* _DIRECTIONS FOR THIS TASK_
The answer is the full listing below, copied exactly, with its pictures omitted.

* _RECORDS PROVIDED_
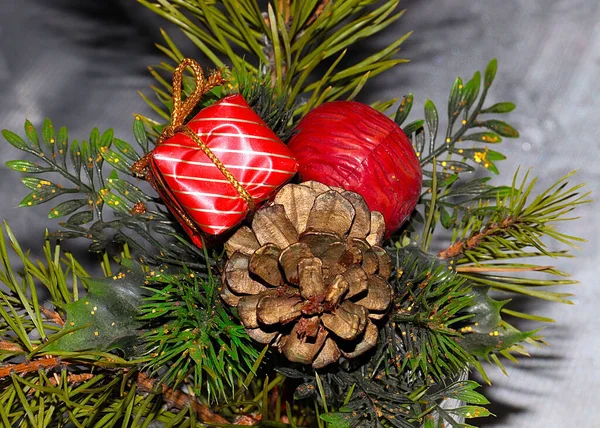 Noel Ağacının Dallarındaki Dekoratif Süsler — Stok fotoğraf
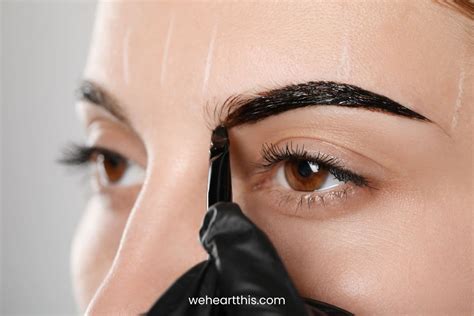 A Beginner’s Guide To Eyebrow Tinting (+ Before And After Tips)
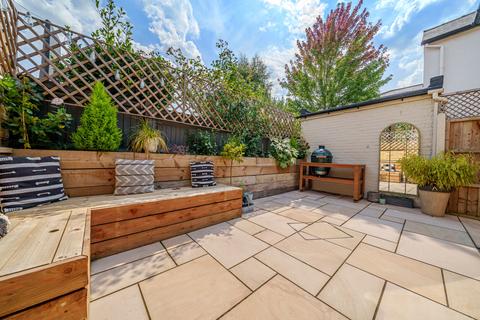 5 Pantile Road, Weybridge, KT13 9PY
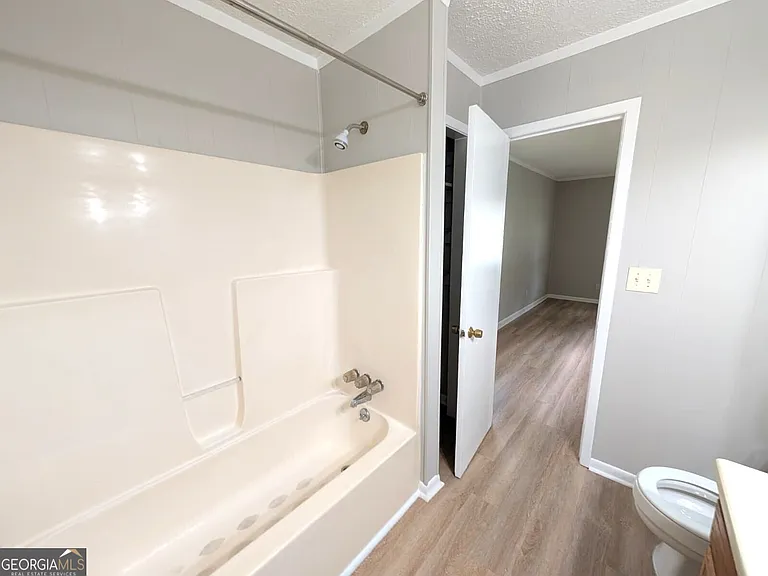 218 Wallis St — Photo 15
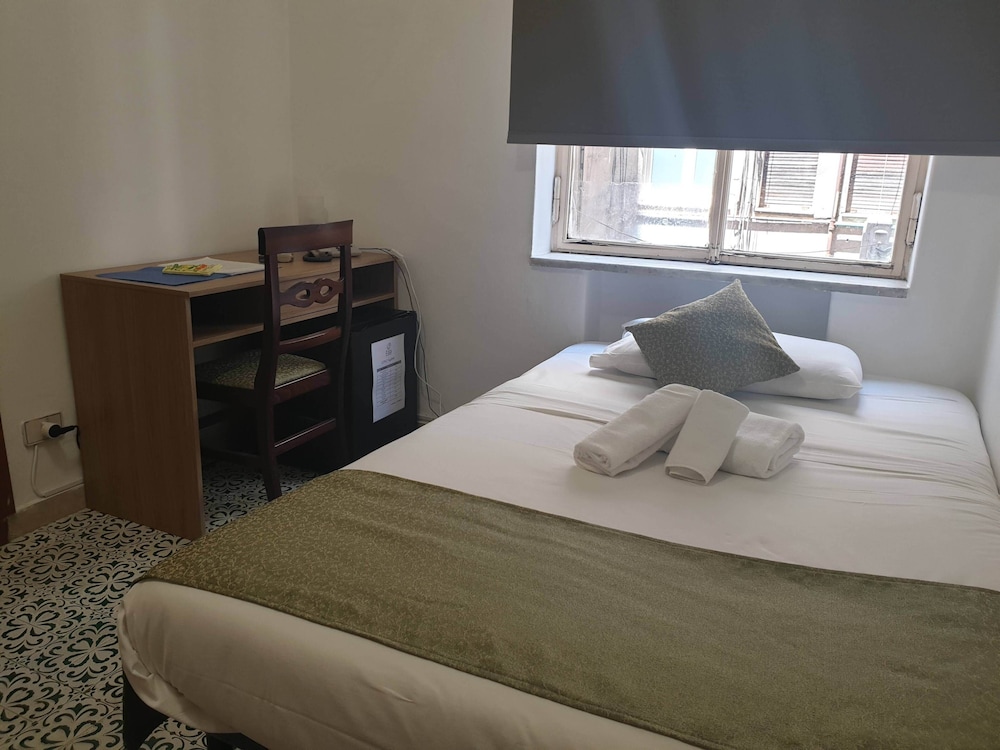 ROOM, SINGLE, PRIVATE BATHROOM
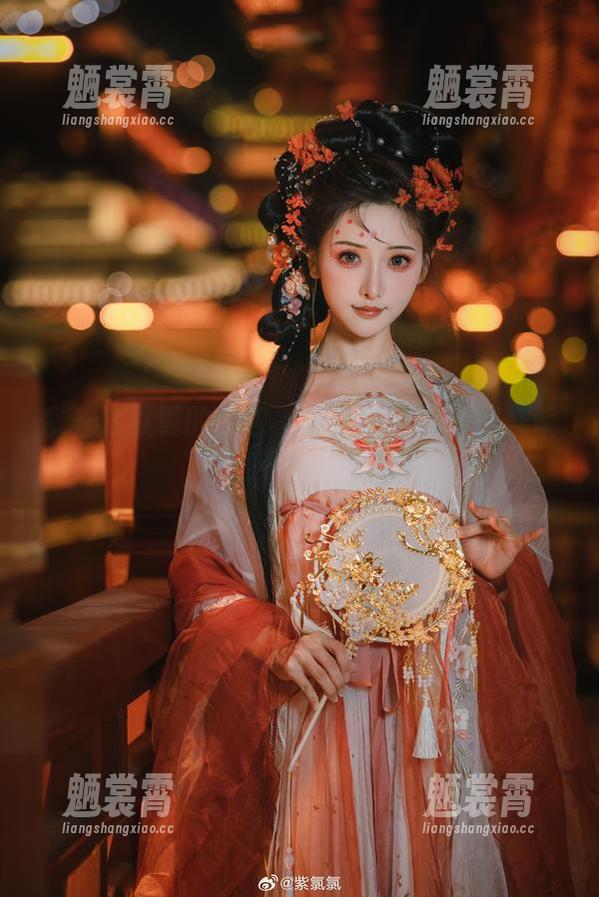 拿着紫氯氯的图包，谁还需要其他姐妹呢？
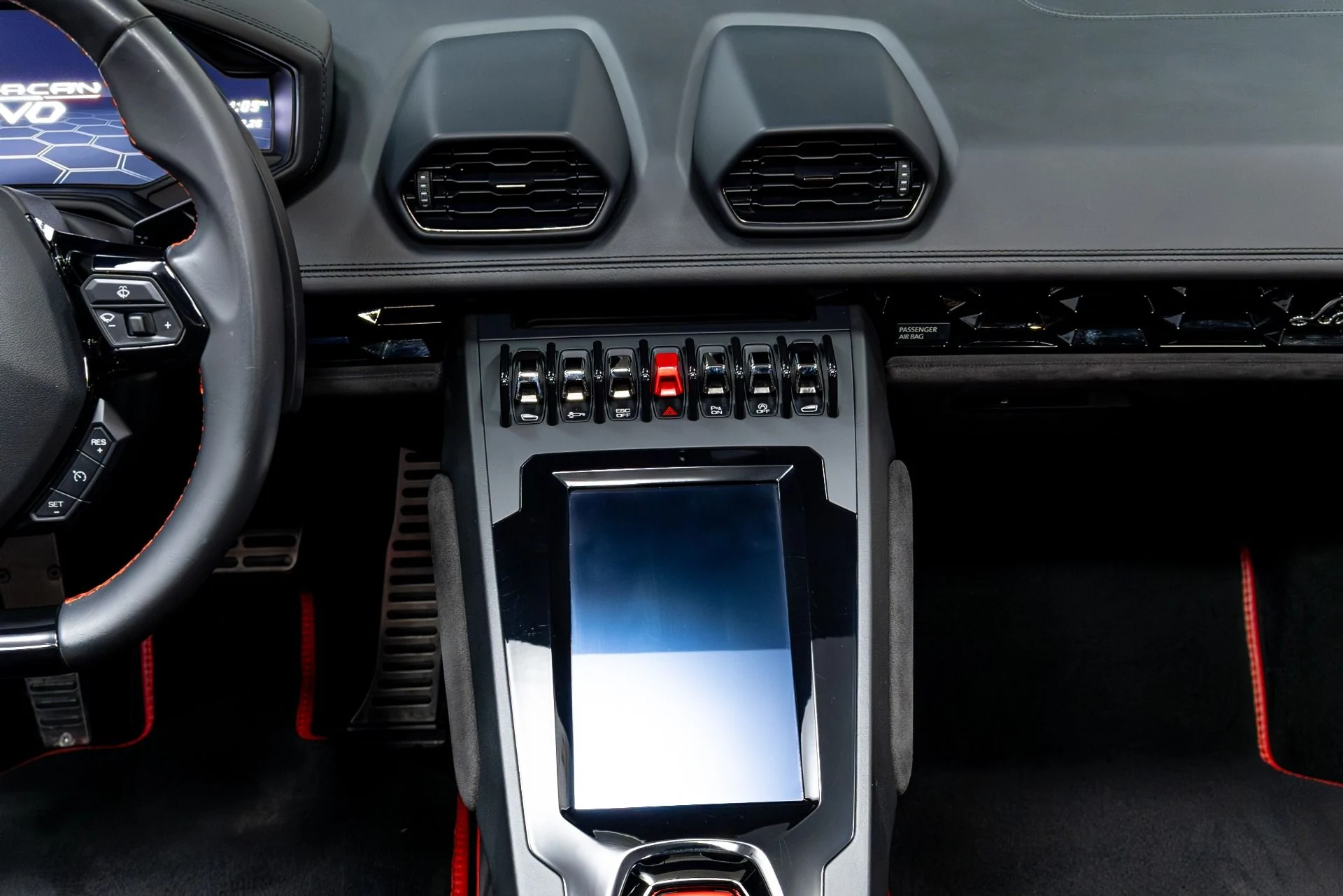 mph026_2966791866_Used_2020_Lamborghini_Huracan_EVO_1774302788_259a4a2bf4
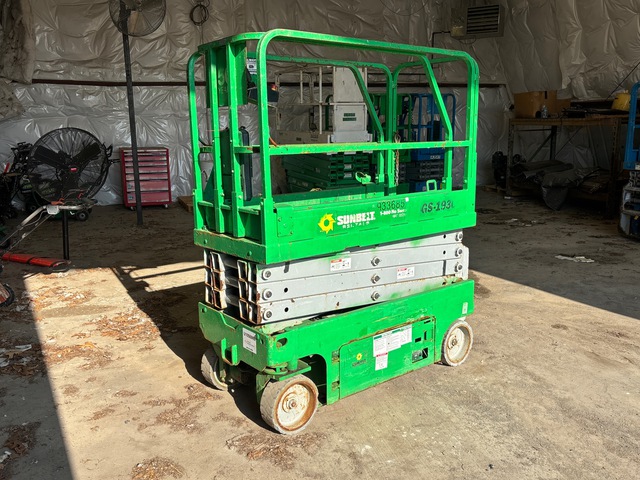 2016 Genie GS1930 Electric Scissor Lift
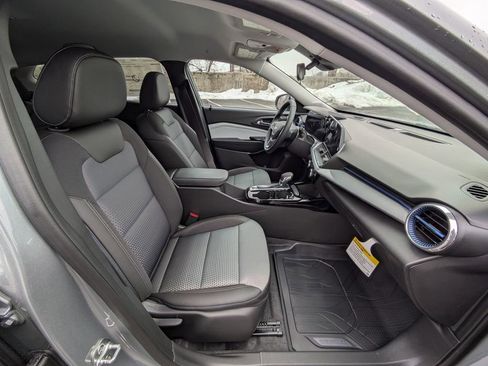 New 2026 Chevrolet Trax LT w/ Driver Confidence Package FWD image 22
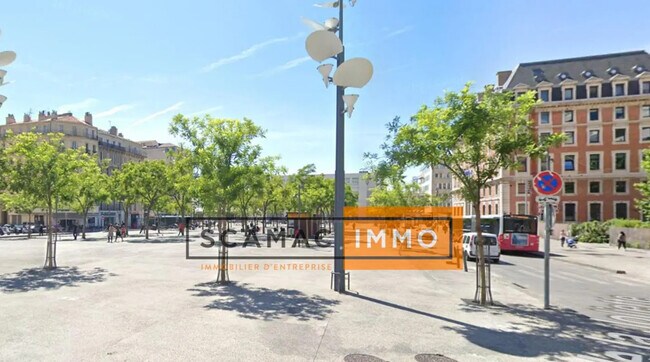 Plus de détails pour Local commercial à louer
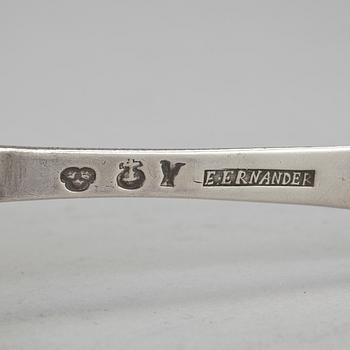 BÄGARE och SKEDAR, 3 del, bland annat en bägare av Johan Leffler, Falun, 1766. Vikt ca  125 g.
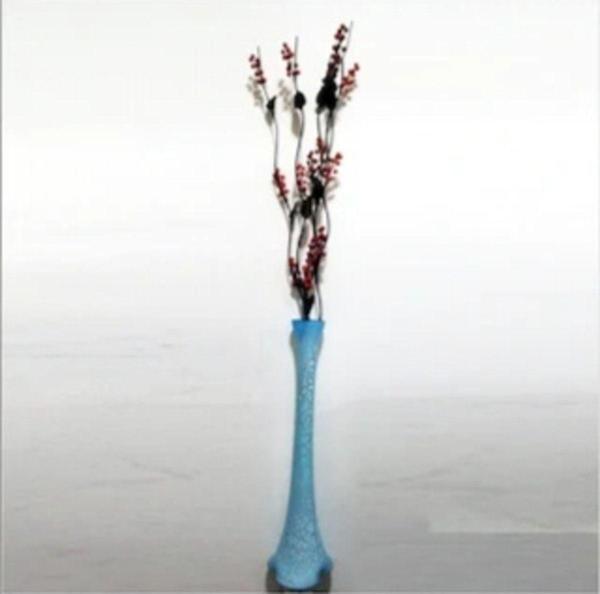M3Decorium Uzun 15 Kırmızı Üzüm Çiçekli 5 Siyah Dal 60 Cm Mavi Çatlatma Vazo - Image 1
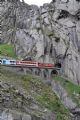 Vlak MGB vjíždí do tunelu, aby pomocí ozubnice překonal klesání do Göschenenu; 03.06.2016 © Pavel Stejskal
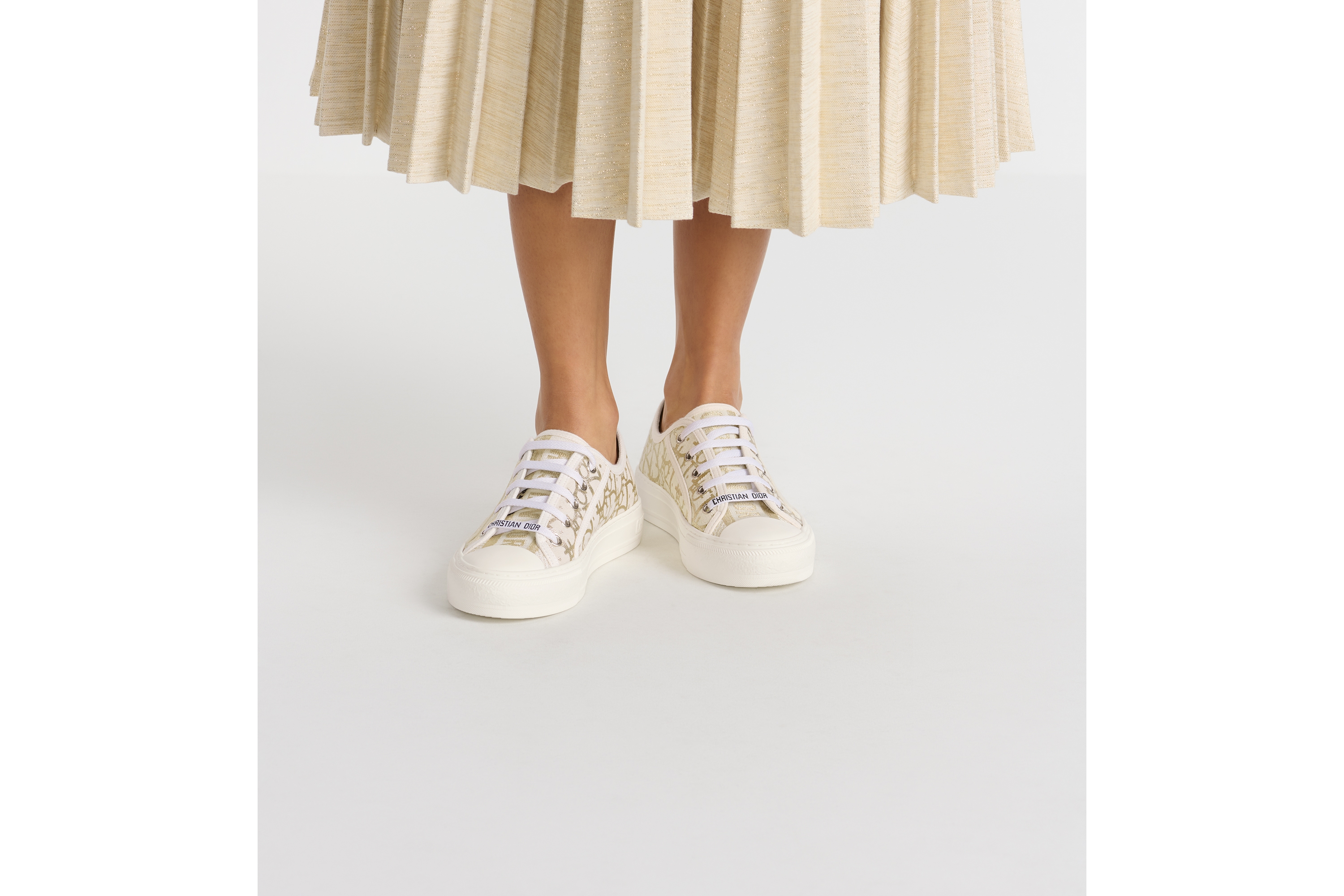 Look Sneaker Walk'n'Dior Toile de coton blanc imprimé du motif Dior Oblique doré E14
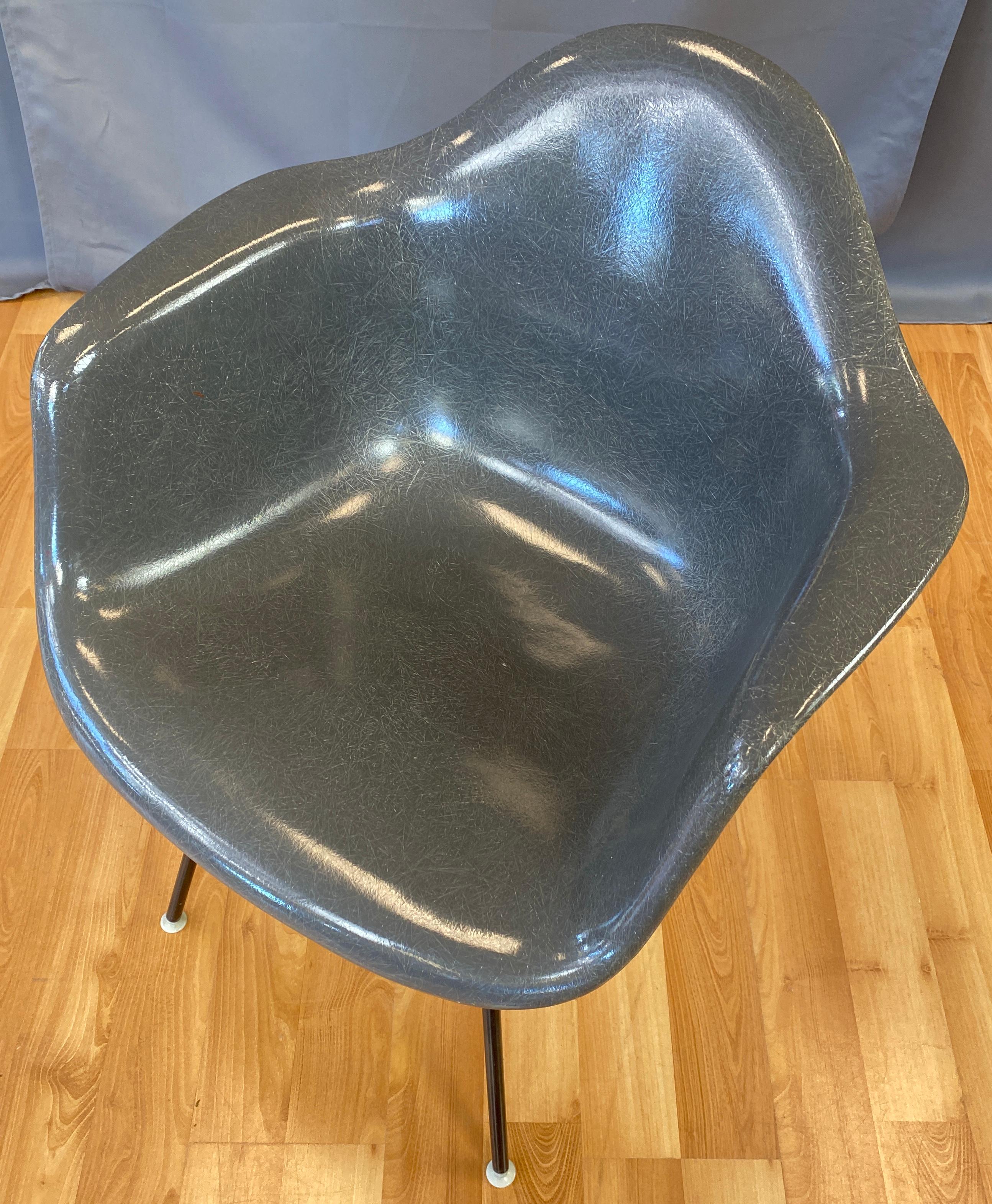 Charles Eames Flame Logo Fiberglass Shell Armchair for Herman Miller In Good Condition In San Francisco, CA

* _WRITTEN SOLUTION_
 Noel Ağacının Dallarındaki Dekoratif Süsler — Stok fotoğraf
 A Beginner’s Guide To Eyebrow Tinting (+ Before And After Tips)
 5 Pantile Road, Weybridge, KT13 9PY
 218 Wallis St — Photo 15
 ROOM, SINGLE, PRIVATE BATHROOM
 拿着紫氯氯的图包，谁还需要其他姐妹呢？
 mph026_2966791866_Used_2020_Lamborghini_Huracan_EVO_1774302788_259a4a2bf4
 2016 Genie GS1930 Electric Scissor Lift
 New 2026 Chevrolet Trax LT w/ Driver Confidence Package FWD image 22
 Plus de détails pour Local commercial à louer
 BÄGARE och SKEDAR, 3 del, bland annat en bägare av Johan Leffler, Falun, 1766. Vikt ca  125 g.
M3Decorium Uzun 15 Kırmızı Üzüm Çiçekli 5 Siyah Dal 60 Cm Mavi Çatlatma Vazo - Image 1
 Vlak MGB vjíždí do tunelu, aby pomocí ozubnice překonal klesání do Göschenenu; 03.06.2016 © Pavel Stejskal
 Look Sneaker Walk'n'Dior Toile de coton blanc imprimé du motif Dior Oblique doré E14
 Charles Eames Flame Logo Fiberglass Shell Armchair for Herman Miller In Good Condition In San Francisco, CA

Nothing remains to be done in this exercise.